#9: What Your Calendar Reveals About Your Values
When was the last time you looked at your values and actually felt convicted?
I created my personal core values years ago.
Read them every day. Have most of them memorized. Use them as a decision-making compass. They are so ingrained in me that I can’t live any other way.
To go outside of my values is failure. To live within them is success.
The Reality Gap
If only it were that easy.
Though I do seek to live my values in everything, in the day-to-day scramble of life, it’s easy to lose sight of them or default to an easier option. I’m not perfect, and I’m not always going to get it right.
Neither are you.
The urgent question you need to ask is, am I moving closer and closer to the person I want to be or drifting further away?
Values aren't just reminders. They're the architecture of your soul. When you live disconnected from them, you feel it—even when everything looks successful on the outside.
Knowing your values is a good start, but living by them requires intentionality.
Values In Action
Let me show you what this looks like in real life—the messy, trackable, accountable version.
One of my personal values is “Intentional,” which simply means to do something by design. In my case, this primarily refers to my relationships. Because values without action are just nice words, I define it as an action, “I create thriving relationships by being an intentional husband, father, and friend.”
But that’s still not enough. Here are some specific behaviors I practice in order to be intentional with my most important relationships:
Wife - We aim to talk three times per week for at least 30 minutes, a bi-weekly date night, an entire day together quarterly, and a yearly getaway.
Kids - I aim to intentionally connect with one of my kids each week. That could be an outing with one of them, watching a show, or just knocking on their door to chat for a bit. They all happen to live at home right now, but as they move out, that will become a weekly phone call or touch point.
Friends - I aim to connect with my closest friends face-to-face once per month, and try to text them at least once in between. Living an hour away makes this harder, but that's exactly why I track it.
Peter Drucker, sometimes referred to as the father of modern management once said, “If you can’t measure it, you can’t manage it.”
Your values are no exception.
A good relationship can be hard to measure (you intuitively know how you feel about them—good, bad, or somewhere in between), but what creates a good relationship is easier to measure—time spent, effective communication, listening, dates, etc.
These are my greatest opportunities for impact.
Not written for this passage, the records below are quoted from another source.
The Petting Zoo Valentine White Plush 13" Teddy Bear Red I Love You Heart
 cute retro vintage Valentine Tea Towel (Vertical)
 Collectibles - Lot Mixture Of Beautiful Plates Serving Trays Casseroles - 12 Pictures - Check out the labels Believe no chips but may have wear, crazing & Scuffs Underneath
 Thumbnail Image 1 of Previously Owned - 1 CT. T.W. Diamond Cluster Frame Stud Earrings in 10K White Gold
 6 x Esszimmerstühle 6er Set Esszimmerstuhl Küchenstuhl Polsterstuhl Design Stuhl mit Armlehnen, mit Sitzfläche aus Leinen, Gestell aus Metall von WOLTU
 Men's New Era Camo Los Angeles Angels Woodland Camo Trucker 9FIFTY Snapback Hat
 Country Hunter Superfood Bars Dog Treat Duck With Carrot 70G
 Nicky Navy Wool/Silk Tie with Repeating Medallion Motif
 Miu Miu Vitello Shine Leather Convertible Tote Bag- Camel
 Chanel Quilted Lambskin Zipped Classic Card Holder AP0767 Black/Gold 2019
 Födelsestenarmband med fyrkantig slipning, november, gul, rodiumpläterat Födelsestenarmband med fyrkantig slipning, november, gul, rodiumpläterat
My wife needs a husband who pursues her. My kids need a father who champions them. My friends need someone who shows up—in the small moments and the crises.
Failure here ripples through generations.
As
John Maxwell wrote and I've embraced as my own definition of relational success, "Success is when the people who know me best respect me the most."
The Proof
How do I know I’m living this value? My wife recently commented on this during a conversation with one of my kids. She said, “Your Dad is one of the most intentional people I know. He has a reason for everything he does and has thought through it. It’s one of the things I love about him.”
I’ve always been intentional, but in the past, my intentionality was lopsided—toward things that mattered less—like work, success, and growth.
Being intentional about work is good. Being intentional about work while your relationships get your leftovers? That's a different story.
Your Rhythms Check
Your values are the cornerstones of all four rhythms—Relational, Emotional, Spiritual, and Tangible—understanding who you are at your core and aligning your daily life with that identity. They're not just words on paper, they're the architecture of your soul. When you live disconnected from them, you experience internal friction, even if everything looks successful on the outside.
Start by clearly identifying your values. If not you'll wake up one day realizing you've been climbing the wrong ladder. Your calendar will be full, your bank account might be healthy, but you’ll feel empty and the people who matter most will feel like they got your leftovers. You'll be successful in everyone's eyes except yourself and the people who know you best.
That’s not success.
But if you make your values non-negotiable, you’ll create alignment between who you say you are and who you actually are. Your decisions become clearer. Your relationships become richer. You stop living in constant internal conflict. You build a life that looks successful from the outside AND feels restful on the inside.
Your values determine whether you're building a life or just managing a schedule.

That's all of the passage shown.